Improving Website Conversion 3 – How to Identify Why Your Website is Losing Customers

This is part 3 of an 8 part series on how to improve the conversion rate of your website using a new testing approach to web design, rather than the old way of guesswork and assumptions

In my previous post, I showed you how to use Google Analytics to identify which pages are losing you customers so you know which to focus on first to improve your website’s conversion rate.

Google Analytics is a powerful tool for analyzing your traffic; however, it doesn’t show you why pages are leaking visitors like a sieve. And when it comes to website design, it’s easy to assume you know what your customers want – but if you don’t ask them how can you really know?

So the next step is to investigate what experience visitors have on your website. This will help you to identify which elements of your website are working, which are broken and which send visitors heading for the door.

Thankfully, through using these tools, it’s a straightforward process to find out:

Crazy Egg

Crazy Egg provides you with a ‘heat map’ of your website, showing you where people are clicking, which parts of the pages capture their interest and which don’t. The heat maps also enable you to identify usability problems which might be preventing them from taking further action or progressing through your website.

With Crazy Egg’s ‘Confetti’ tool you can also segment visitors based on referral websites, search terms and other factors, so you can focus your website changes on your most profitable visitors. You can get started with a free trial, so why not get ‘cracking’ (sorry!).

ClickTale

This records every mouse movement, click and keystroke, with videos you can replay to see exactly what your visitors are doing.

Along with heat maps, ClickTale (yes, it’s an affiliate link) provides visual reports that help you to spot any problems or frustrations visitors are encountering. In particular, you can see how people interact with your forms and which questions cause the highest rate of form abandonment.

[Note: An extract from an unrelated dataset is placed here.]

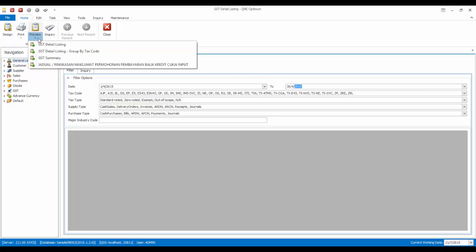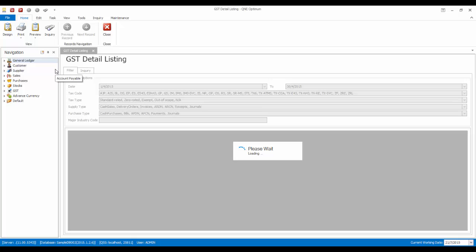Now, click on the drop down list at the Preview button. You will see a new report called Jadual or Ringkasan Maklumat Permohonan Pembayaran Balik Kredit Jukai Input, or also known as Lampiran 2.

ClickTale is used by Groupon, Barnes & Noble and Cnet to improve their website conversion rates, and you can request a free personal demo to see its benefits in action for yourself.

Survey Gizmo

Heat maps and usability reports are useful tools, but it also helps to get feedback straight from the horse’s mouth. With Survey Gizmo you can ask your existing customers, fans and followers questions about your website and how it can be improved.

Survey Gizmo’s design wizard makes survey creation a five minute job. You can customize surveys with your own branding and integrate them with Salesforce, Mailchimp and Freshbooks, while real time reporting makes sense of all the data so you can gain valuable nuggets on how you can improve your website’s conversion rate.

You can test drive Survey Gizmo for yourself with a 14 day free trial, and with customers such as Vodafone, Skype and ING you can be assured that Survey Gizmo has pedigree.

4Q

As in the real world, the best time to ask people why they are abandoning your website is just before they leave. This is where 4Q comes in. With 4Q you can ask visitors questions directly on your website.

Key questions you could ask on how you could improve your website’s conversion rate include:

1)      How would you rate your website experience?

2)      Which of the following best describes the purpose of your visit?

3)      Were you able to complete the purpose of your visit?

4)      I) If not, why were you not able to?

Ii) If so, what do you value most about the website?

The customer always knows best

Through using  these website tracking and survey tools, you can create a list of the website issues that are costing you customers. You can then create a list of objections and usability problems to be fixed so you can reduce the numbers leaving and improve your website’s conversion rate.